Alain Jakubowicz : « la Justice n’est pas un produit marketing », 28 mars 2020

Vous avez publié en 2019 un ouvrage dont le titre est emprunté à la célèbre phrase de Mandela : « Je ne perds jamais, soit je gagne, soit j’apprends ». Vous qui avez marqué l’actualité judiciaire depuis plus de trente ans à travers de grandes affaires dont certaines historiques, vous affirmez tout au long du livre votre passion pour le métier d’avocat.  Qu‘est-ce qui guide encore votre passion ?

Alain Jakubowicz : La défense, la capacité d’indignation et l’intolérance à l’injustice sont mes moteurs. Dans le contexte actuel, il y a aussi la révolte contre la « justice » des réseaux sociaux et des chaînes de télé en continu.
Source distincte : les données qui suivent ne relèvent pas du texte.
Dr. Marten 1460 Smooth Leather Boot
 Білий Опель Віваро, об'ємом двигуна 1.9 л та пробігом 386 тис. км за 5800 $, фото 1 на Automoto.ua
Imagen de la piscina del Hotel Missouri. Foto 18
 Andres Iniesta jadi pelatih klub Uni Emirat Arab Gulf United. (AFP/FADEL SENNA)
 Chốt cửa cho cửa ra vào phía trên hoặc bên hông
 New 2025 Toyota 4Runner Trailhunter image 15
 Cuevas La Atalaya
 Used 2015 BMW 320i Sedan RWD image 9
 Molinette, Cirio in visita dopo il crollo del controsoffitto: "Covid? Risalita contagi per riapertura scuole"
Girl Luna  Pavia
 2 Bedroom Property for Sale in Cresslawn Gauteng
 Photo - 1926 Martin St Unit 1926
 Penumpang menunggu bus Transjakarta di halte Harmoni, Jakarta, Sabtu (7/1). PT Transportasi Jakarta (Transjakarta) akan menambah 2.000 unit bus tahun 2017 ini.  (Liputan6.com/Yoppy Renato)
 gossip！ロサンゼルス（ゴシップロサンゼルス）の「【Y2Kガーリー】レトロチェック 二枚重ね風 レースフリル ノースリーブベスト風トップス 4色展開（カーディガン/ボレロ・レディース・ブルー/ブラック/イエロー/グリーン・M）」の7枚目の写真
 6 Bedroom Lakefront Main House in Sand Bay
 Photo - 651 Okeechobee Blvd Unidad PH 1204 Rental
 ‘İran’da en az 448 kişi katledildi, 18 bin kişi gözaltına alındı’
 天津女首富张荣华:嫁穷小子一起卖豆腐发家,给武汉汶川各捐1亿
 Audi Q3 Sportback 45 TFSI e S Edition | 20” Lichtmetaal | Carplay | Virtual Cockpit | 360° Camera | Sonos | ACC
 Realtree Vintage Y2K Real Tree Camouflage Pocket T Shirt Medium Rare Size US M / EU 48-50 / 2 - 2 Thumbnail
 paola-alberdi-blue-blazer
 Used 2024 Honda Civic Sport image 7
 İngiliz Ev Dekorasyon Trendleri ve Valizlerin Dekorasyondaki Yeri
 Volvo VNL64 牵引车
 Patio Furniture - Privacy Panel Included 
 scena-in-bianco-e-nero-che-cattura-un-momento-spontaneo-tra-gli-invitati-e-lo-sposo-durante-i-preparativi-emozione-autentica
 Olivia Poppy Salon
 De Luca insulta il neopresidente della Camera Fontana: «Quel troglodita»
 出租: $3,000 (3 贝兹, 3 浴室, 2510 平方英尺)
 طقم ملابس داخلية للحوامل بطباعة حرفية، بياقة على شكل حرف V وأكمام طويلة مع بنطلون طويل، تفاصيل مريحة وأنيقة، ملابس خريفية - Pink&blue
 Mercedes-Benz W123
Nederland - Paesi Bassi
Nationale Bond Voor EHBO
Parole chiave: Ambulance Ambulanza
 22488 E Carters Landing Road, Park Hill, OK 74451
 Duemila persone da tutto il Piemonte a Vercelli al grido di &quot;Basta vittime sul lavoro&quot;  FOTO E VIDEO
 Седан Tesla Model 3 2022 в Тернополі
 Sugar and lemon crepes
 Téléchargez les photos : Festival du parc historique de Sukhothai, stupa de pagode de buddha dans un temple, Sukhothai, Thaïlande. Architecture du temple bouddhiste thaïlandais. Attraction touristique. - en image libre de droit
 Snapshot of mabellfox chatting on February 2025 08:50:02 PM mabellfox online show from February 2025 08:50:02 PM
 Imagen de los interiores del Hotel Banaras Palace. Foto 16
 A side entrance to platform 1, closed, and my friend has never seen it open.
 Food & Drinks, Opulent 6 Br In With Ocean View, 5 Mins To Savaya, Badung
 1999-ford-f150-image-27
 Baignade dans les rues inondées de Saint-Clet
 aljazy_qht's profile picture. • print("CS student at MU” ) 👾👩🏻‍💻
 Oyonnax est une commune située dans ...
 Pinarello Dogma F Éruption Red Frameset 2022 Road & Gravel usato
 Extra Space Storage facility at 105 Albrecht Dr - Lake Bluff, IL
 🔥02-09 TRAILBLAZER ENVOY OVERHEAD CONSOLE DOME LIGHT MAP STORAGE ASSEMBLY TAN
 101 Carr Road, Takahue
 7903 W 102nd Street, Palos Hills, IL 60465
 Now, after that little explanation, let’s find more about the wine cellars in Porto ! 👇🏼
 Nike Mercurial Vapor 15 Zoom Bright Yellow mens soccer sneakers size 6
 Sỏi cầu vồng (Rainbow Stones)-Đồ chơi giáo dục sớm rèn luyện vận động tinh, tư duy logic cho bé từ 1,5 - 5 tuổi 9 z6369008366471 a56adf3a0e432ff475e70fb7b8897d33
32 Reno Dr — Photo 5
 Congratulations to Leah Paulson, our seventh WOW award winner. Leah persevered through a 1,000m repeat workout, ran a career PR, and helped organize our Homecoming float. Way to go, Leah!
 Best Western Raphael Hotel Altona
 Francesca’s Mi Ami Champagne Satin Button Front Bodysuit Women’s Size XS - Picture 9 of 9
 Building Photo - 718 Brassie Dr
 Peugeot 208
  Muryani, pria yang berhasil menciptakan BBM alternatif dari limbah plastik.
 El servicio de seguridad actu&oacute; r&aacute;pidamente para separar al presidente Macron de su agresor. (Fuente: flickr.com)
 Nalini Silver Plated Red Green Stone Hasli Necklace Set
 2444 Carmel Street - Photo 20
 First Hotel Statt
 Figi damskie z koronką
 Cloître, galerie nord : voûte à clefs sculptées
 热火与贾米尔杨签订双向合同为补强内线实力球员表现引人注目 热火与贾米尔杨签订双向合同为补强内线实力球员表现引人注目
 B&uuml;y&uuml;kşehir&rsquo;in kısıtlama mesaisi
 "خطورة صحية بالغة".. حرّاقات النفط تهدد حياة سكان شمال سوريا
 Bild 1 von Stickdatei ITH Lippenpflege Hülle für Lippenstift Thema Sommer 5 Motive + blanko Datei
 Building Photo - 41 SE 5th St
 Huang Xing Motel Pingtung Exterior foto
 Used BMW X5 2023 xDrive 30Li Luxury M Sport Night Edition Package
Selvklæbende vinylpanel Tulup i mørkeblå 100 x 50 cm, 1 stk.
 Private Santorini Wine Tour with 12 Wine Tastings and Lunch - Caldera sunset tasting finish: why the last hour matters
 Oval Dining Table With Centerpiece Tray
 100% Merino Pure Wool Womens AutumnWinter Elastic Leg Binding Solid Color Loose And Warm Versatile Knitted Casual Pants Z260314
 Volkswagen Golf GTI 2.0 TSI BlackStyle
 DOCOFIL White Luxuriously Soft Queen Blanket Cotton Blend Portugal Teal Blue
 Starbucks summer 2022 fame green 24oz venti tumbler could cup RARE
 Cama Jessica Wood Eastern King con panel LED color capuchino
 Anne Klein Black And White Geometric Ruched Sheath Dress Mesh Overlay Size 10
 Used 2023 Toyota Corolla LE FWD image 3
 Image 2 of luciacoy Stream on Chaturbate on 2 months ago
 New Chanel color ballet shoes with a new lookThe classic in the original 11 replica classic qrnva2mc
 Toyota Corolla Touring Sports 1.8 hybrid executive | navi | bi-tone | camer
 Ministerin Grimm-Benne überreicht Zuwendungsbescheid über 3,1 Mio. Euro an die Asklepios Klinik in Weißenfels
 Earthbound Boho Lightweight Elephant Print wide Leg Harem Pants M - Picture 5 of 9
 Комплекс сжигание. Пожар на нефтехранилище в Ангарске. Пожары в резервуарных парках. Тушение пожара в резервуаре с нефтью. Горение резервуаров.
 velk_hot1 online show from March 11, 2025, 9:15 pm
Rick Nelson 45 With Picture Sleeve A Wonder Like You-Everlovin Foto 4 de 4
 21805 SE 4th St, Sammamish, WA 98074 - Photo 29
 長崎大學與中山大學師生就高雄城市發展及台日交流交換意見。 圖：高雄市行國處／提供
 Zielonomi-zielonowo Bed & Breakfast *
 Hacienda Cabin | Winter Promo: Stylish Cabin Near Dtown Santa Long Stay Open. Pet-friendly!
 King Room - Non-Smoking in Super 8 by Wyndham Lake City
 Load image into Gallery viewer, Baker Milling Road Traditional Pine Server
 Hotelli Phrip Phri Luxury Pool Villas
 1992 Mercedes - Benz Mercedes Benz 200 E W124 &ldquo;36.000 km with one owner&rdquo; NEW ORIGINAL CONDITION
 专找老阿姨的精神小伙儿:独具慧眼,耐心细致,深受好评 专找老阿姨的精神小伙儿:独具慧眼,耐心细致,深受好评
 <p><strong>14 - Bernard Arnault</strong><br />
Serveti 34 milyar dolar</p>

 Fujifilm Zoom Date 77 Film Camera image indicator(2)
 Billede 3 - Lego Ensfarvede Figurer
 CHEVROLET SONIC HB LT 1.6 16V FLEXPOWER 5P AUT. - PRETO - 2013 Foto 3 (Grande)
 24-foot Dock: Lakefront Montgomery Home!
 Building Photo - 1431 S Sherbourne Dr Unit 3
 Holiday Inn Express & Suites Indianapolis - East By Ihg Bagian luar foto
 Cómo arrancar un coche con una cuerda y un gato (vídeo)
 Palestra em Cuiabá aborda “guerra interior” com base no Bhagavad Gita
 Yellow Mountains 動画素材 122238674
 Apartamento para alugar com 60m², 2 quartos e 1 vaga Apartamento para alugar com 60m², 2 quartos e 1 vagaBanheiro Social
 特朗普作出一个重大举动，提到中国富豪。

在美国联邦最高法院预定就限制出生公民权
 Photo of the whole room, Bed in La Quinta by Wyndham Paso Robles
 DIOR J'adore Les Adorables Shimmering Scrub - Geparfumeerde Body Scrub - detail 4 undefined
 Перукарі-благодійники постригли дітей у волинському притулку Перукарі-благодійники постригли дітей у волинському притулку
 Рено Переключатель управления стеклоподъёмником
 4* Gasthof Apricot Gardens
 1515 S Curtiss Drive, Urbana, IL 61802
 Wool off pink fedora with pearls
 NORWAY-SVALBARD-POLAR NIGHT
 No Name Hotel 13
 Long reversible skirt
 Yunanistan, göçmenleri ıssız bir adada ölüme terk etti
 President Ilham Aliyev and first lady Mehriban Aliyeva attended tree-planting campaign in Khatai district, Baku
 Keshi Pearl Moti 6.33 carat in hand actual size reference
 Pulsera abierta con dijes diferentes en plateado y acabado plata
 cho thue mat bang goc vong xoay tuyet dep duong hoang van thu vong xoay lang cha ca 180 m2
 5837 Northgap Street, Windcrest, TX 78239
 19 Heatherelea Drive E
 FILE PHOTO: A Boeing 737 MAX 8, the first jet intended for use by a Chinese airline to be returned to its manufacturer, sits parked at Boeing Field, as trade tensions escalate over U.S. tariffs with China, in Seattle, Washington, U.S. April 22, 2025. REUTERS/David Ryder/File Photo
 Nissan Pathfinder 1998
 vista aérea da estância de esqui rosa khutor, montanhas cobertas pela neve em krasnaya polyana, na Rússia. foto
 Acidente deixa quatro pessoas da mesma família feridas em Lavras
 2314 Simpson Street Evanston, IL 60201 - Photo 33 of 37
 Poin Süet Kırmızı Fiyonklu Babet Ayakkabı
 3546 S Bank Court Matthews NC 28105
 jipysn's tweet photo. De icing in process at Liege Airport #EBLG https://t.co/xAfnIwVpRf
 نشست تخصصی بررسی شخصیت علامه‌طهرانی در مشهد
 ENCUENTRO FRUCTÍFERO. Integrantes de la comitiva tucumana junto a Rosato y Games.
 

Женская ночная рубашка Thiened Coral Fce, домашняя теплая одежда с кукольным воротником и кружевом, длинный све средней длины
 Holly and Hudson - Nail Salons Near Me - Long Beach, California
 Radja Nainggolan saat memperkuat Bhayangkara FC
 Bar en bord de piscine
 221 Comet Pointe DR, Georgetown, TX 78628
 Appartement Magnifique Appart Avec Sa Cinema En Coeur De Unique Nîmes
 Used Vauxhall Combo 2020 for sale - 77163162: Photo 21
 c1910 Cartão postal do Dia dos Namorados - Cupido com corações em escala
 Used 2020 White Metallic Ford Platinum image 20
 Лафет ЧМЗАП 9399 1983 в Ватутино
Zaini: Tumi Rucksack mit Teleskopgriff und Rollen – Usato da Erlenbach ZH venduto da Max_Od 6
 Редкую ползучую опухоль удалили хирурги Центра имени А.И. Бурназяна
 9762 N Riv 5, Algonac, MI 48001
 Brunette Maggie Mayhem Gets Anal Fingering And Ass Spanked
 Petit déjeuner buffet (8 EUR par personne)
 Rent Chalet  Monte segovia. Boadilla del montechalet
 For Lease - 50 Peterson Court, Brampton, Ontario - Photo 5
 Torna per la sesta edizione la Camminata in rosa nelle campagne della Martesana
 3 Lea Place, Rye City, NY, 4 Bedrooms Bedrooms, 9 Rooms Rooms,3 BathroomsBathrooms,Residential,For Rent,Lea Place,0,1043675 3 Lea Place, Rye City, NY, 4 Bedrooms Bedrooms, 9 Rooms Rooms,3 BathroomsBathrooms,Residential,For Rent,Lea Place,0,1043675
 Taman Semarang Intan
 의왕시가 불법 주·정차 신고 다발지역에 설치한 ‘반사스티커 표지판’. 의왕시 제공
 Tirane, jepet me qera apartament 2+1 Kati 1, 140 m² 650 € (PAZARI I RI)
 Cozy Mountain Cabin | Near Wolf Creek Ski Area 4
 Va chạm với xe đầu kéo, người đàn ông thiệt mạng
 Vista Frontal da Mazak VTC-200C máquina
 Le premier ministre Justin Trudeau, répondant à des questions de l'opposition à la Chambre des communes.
Il y a un combat à mener pour faire que notre pays reste un Etat de droit pour les libertés et droits fondamentaux. C’est la même foi qui m’anime depuis quarante ans. C’est la foi du charbonnier.

On vous connaissait plutôt connu comme avocat de parties civiles. Avec l’affaire Nordhal Lelandais, on vous voit maintenant à côté d’un accusé assez mal vu du public, au-delà du classique. Vous répondez : « tout le monde a le droit à un avocat ». Mais n’est-ce pas moins facile ?

Je ne suis pas pénaliste au quotidien mais pour moi, la défense pénale reste la quintessence de la profession d’avocat. L’avocat pénaliste doit pouvoir plaider des deux côtés de la barre. Je ne pense pas qu’il faille se spécialiser d’un côté ou de l’autre et je mets la même détermination et conviction quel que soit le côté de la barre où je me trouve.

Vous commencez la troisième partie de votre ouvrage en citant Vincent de Moro-Giafferi : « L’opinion publique, chassez-la, cette intruse, cette prostituée, qui tire le juge par la manche ». Et vous écrivez : « Il fut un temps, pas si lointain ou aucune chaîne de télévision ne se serait autorisée à consacrer une émission à une affaire criminelle avant qu’elle ait été jugée. Celui qui avait l’habitude de « faire entrer l’accusé » sur le service public attendait même que tous les recours soient épuisés avant de s’intéresser à un dossier ».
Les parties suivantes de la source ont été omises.